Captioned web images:
* * * * * * * * *
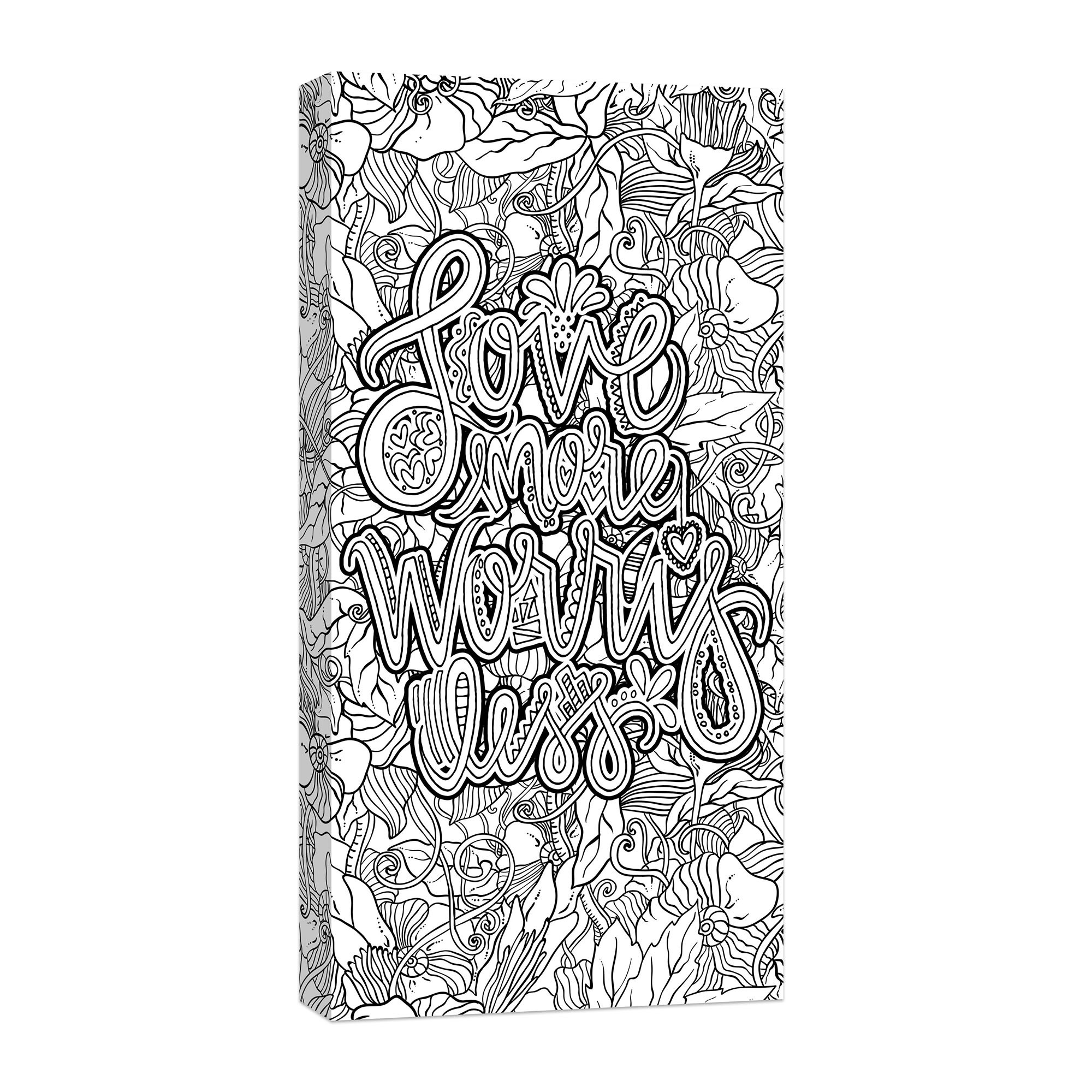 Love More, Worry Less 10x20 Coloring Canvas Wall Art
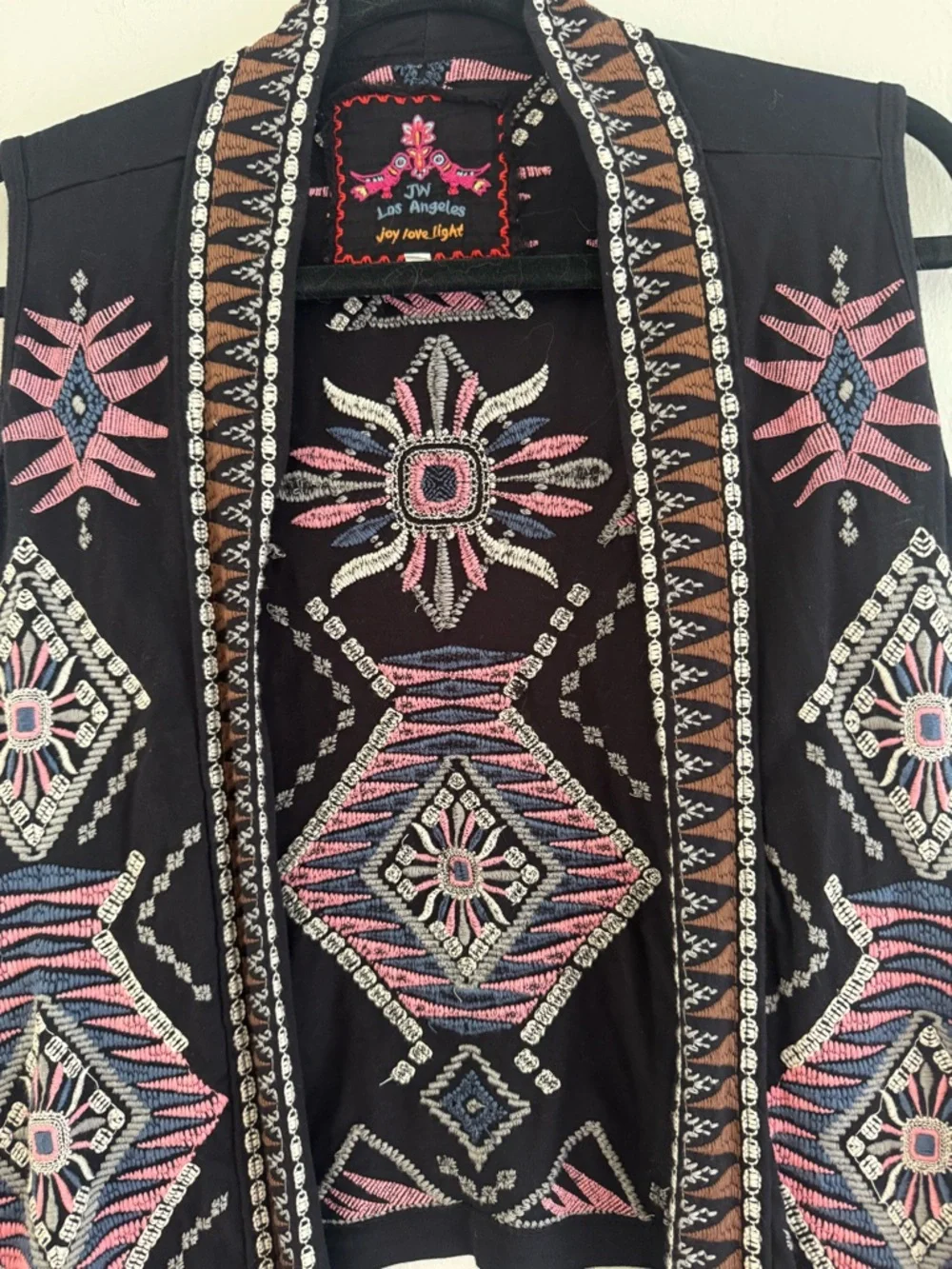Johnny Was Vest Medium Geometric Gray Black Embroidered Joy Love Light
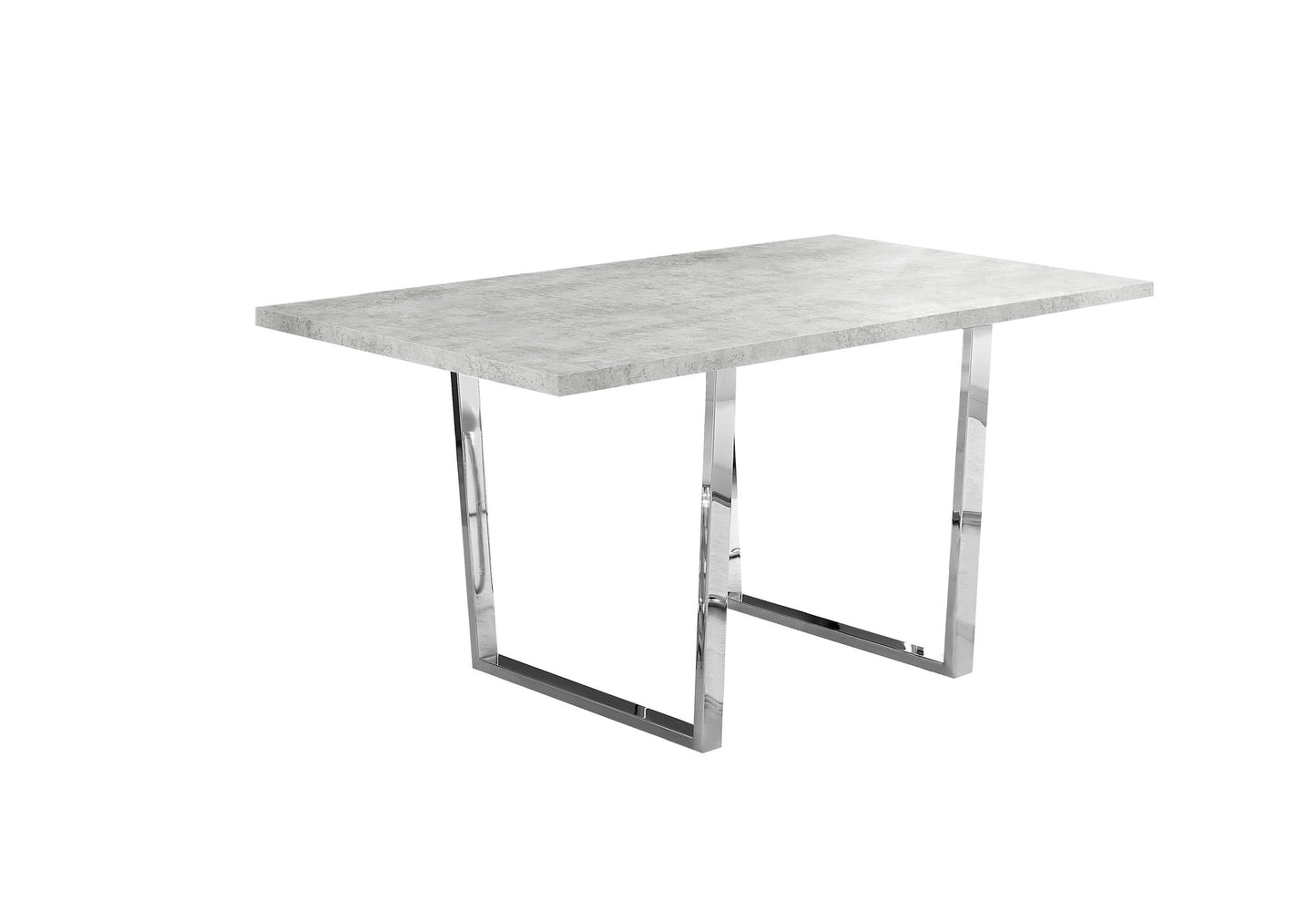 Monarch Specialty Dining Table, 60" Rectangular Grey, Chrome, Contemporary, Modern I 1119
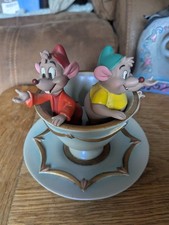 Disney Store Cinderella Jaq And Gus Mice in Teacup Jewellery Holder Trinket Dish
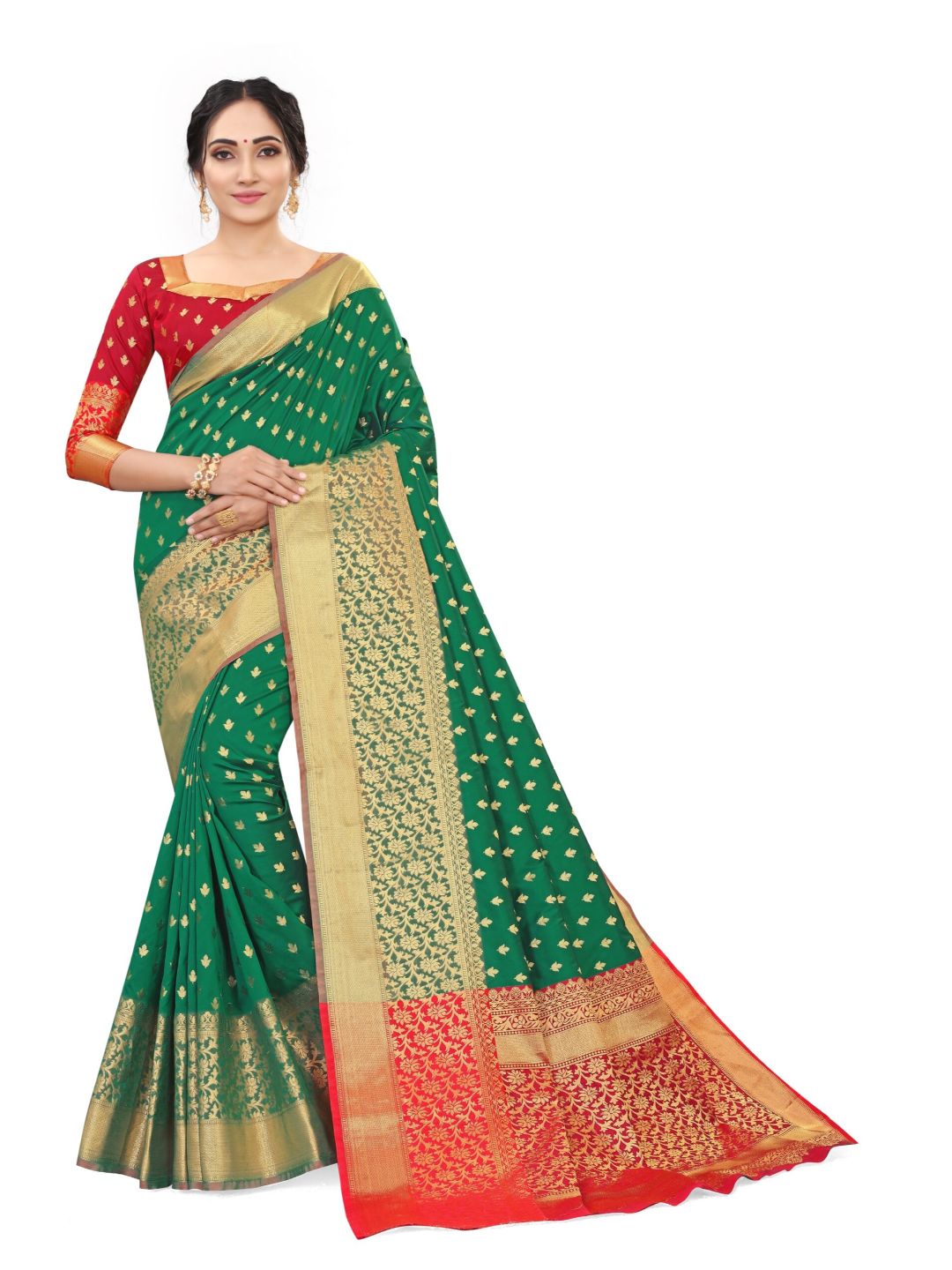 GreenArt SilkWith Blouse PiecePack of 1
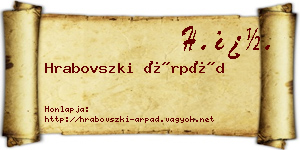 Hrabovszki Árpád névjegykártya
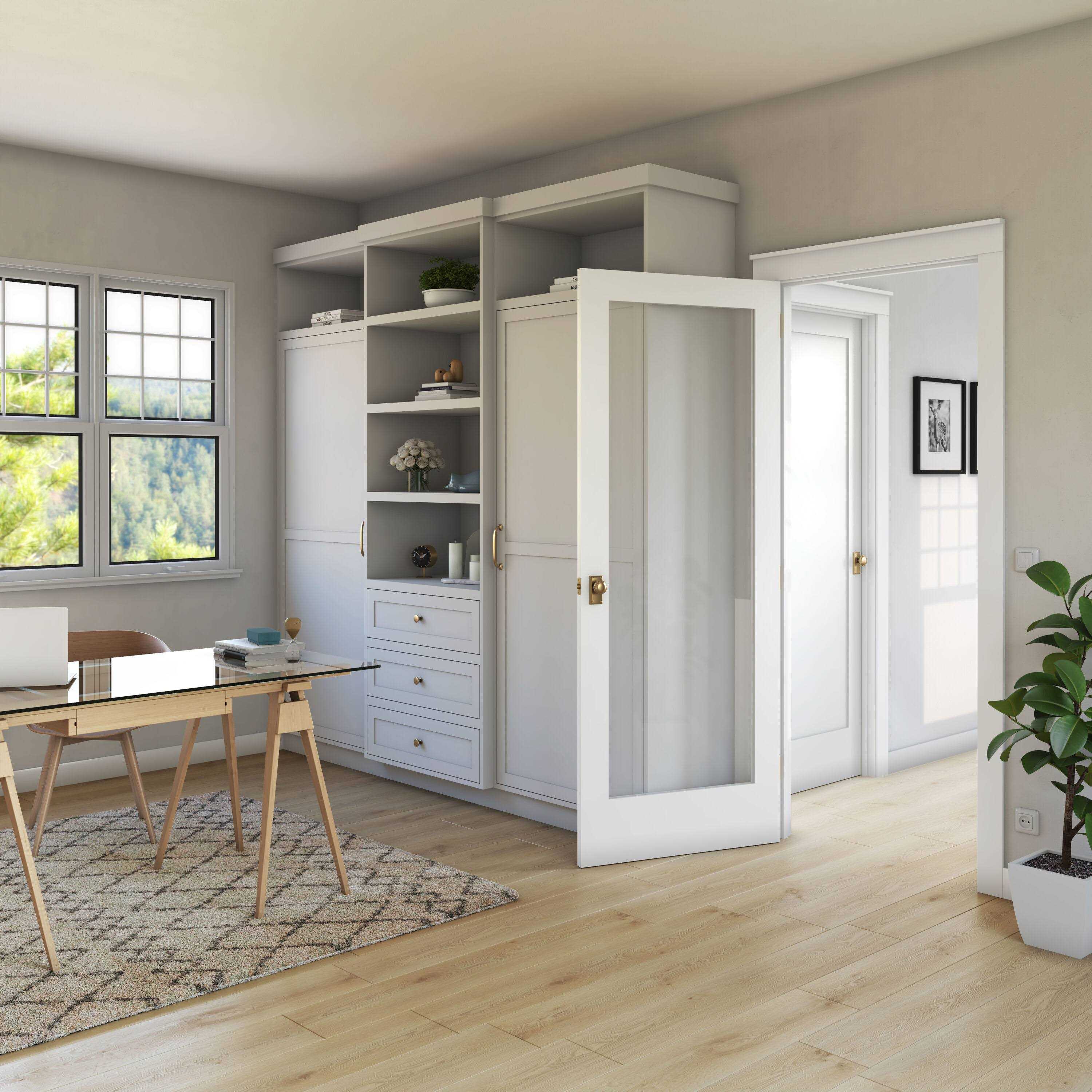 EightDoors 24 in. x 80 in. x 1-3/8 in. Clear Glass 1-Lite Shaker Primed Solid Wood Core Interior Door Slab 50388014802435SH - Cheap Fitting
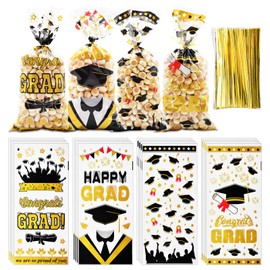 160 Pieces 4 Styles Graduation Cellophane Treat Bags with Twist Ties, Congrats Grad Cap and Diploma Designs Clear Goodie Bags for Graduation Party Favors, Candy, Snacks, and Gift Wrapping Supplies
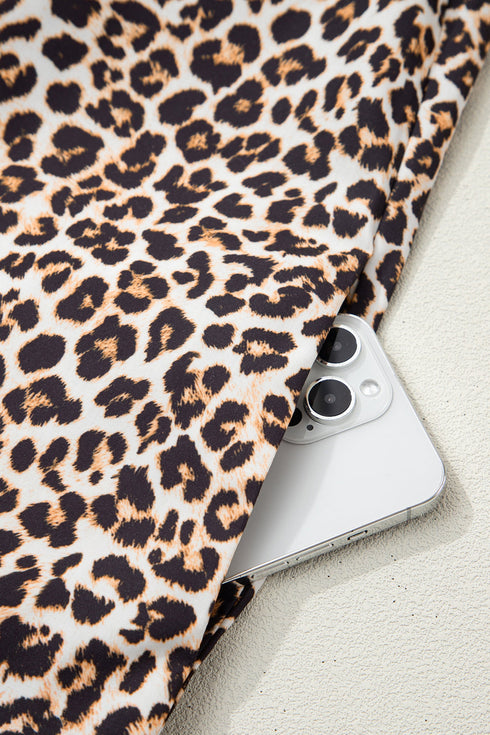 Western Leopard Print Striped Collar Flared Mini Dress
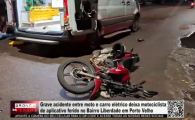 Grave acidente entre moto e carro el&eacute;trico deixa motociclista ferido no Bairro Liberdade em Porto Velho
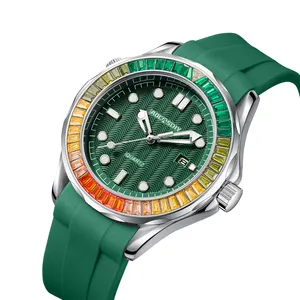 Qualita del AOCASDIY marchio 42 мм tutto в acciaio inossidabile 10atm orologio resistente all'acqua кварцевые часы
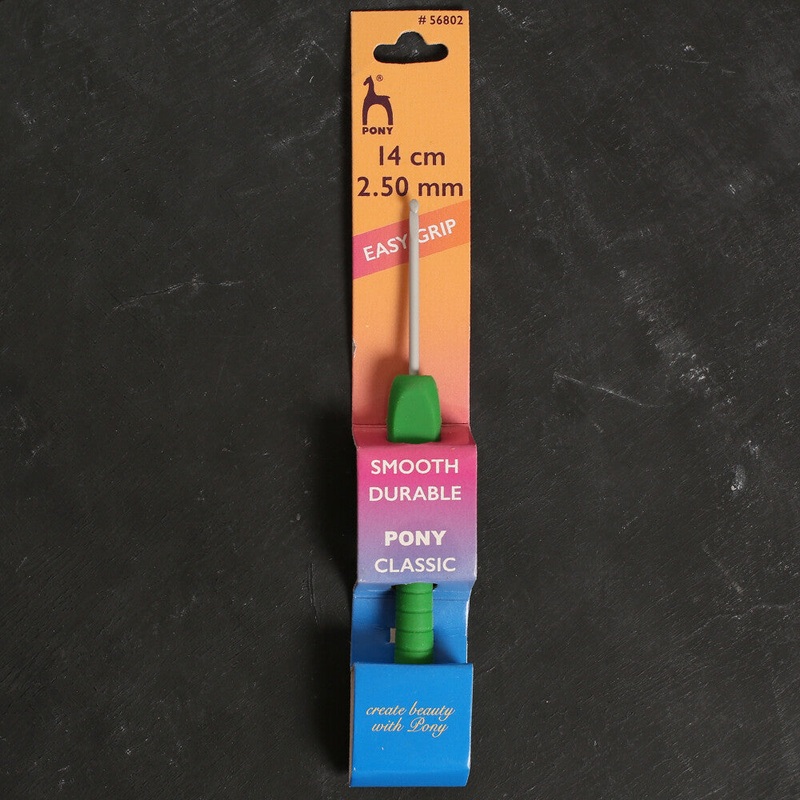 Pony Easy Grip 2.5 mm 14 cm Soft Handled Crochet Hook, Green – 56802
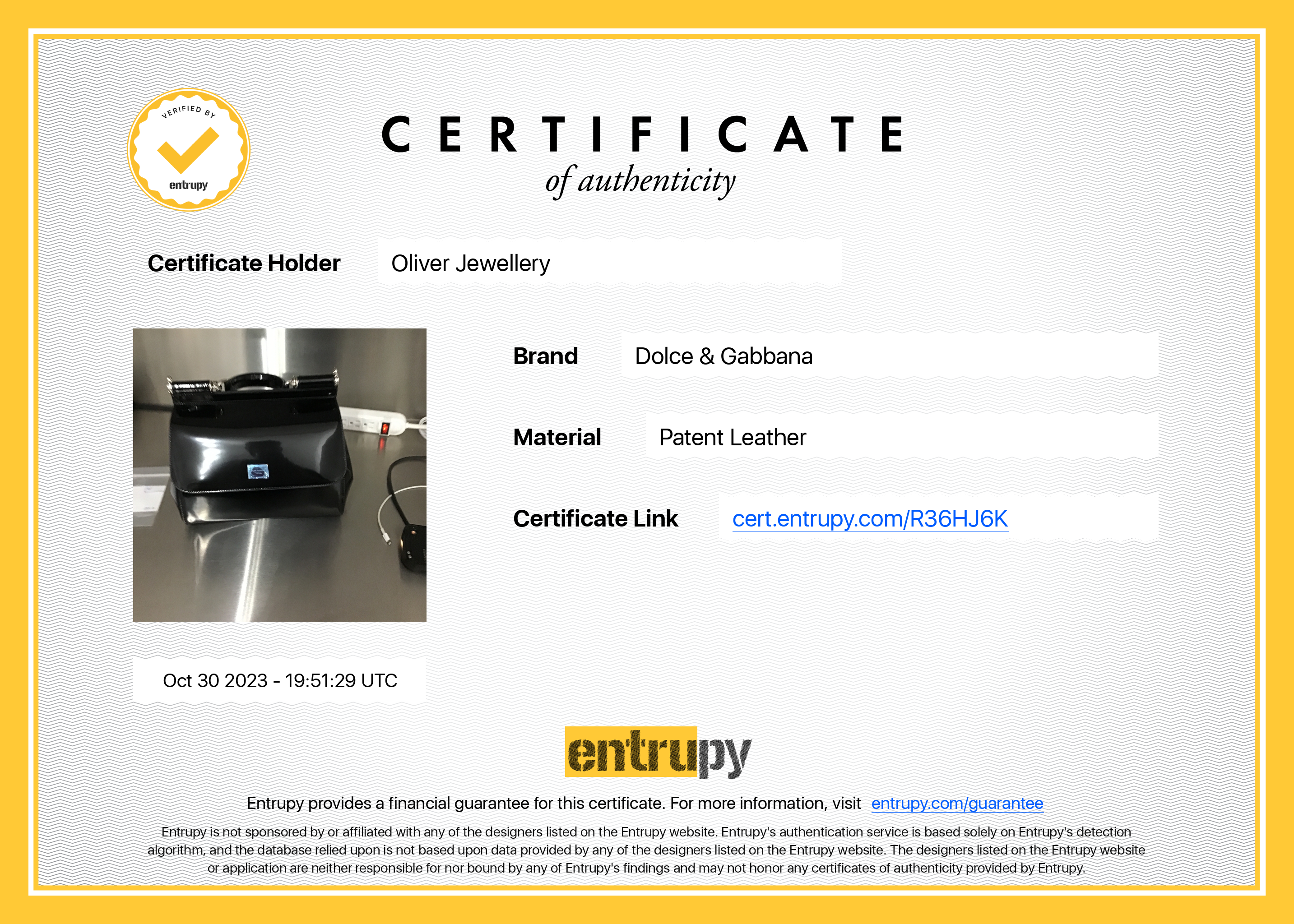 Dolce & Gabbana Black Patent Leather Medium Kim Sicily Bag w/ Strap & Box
* * * * * * * * *
**AIM OF THE TASK**. Word for word, restate the lines above from the one with "GreenArt SilkWith Blouse PiecePack of 1" through the one with "EightDoors 24 in.", keeping both ends and dropping the pictures.

**SOLVED EXERCISE**.
 GreenArt SilkWith Blouse PiecePack of 1
 Hrabovszki Árpád névjegykártya
 EightDoors 24 in. x 80 in. x 1-3/8 in. Clear Glass 1-Lite Shaker Primed Solid Wood Core Interior Door Slab 50388014802435SH - Cheap Fitting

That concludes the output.